According to him, borrowing is often wrongly treated as income, while federation revenues are frequently presented as if there were entirely available to the Federal Government.
“Revenue is not the same as cash available to the Federal Government. Borrowing is not income; it is financing and creates future obligations.
“Federation receipts are not equivalent to what the Federal Government can spend,” Yakubu explained.
He said that critics routinely aggregate tax collections, oil revenues, customs receipts, borrowing and subsidy savings into large headline figures, then question how such sums were spent.
“The result is a dramatic number ₦150 trillion, ₦170 trillion, ₦180 trillion, followed by the question: where did the money go?

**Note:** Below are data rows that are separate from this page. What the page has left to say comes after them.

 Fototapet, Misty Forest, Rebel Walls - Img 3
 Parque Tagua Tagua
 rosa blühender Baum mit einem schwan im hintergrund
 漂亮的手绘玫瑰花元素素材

“The answer is straightforward: much of it never existed in the form being implied,” he said.
Yakubu explained that fuel subsidy removal did not generate a pool of discretionary cash, but merely closed longstanding fiscal leakages.

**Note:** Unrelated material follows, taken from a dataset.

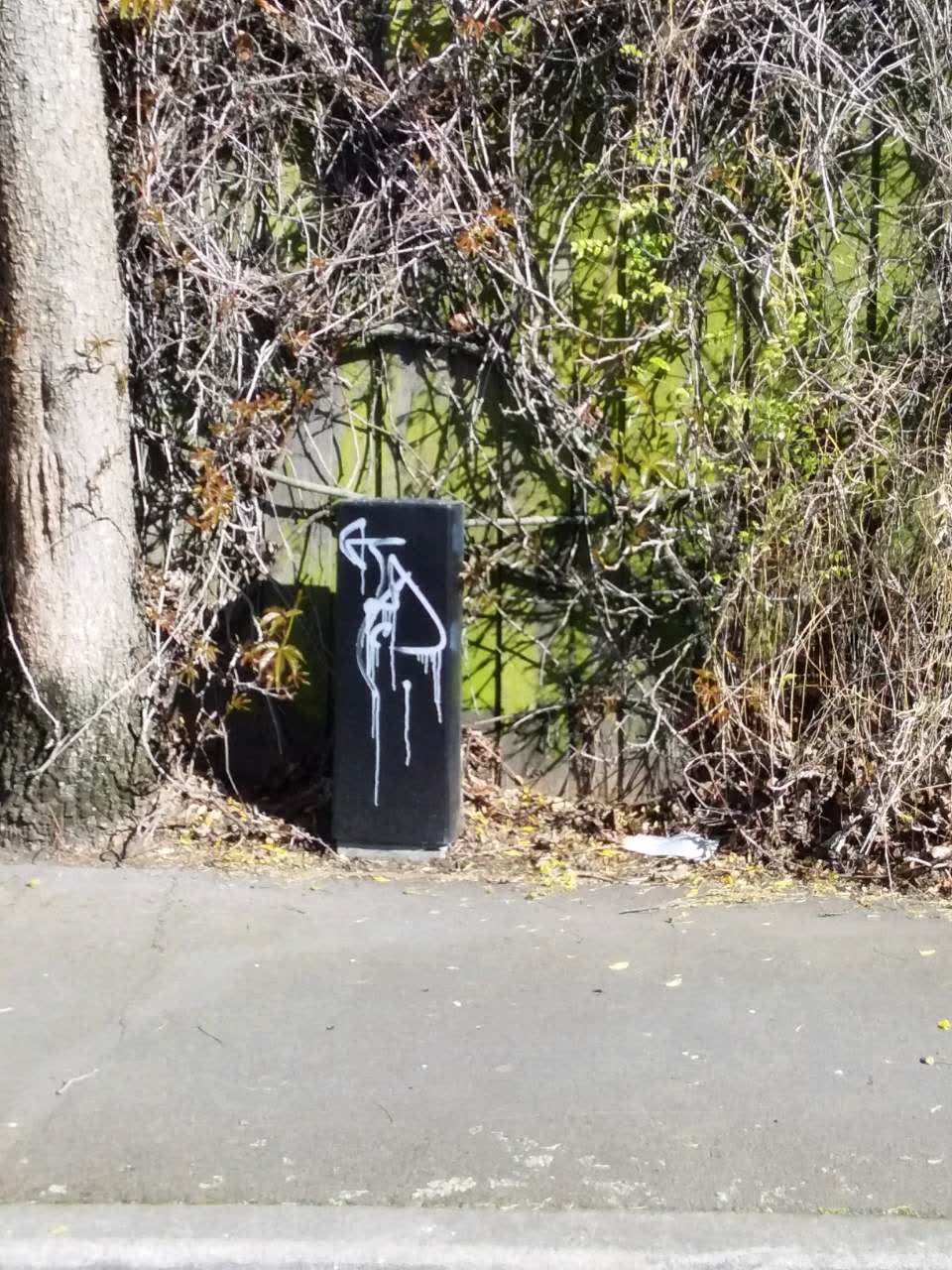 The photograph attached to this graffiti report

“Subsidy reform does not conjure idle cash. It closes a hole.
“The fiscal benefit appears gradually through reduced deficit pressure, improved budgeting discipline and targeted support, not through sudden spendable savings,” he said.
On public debt, he said that much of the recent increase in naira-denominated debt resulted from exchange-rate revaluation of existing external obligations, not fresh borrowing.
“When the exchange rate adjusts, the naira value of dollar-denominated debt rises automatically.
“Treating this accounting effect as new borrowing is a category error,” he added.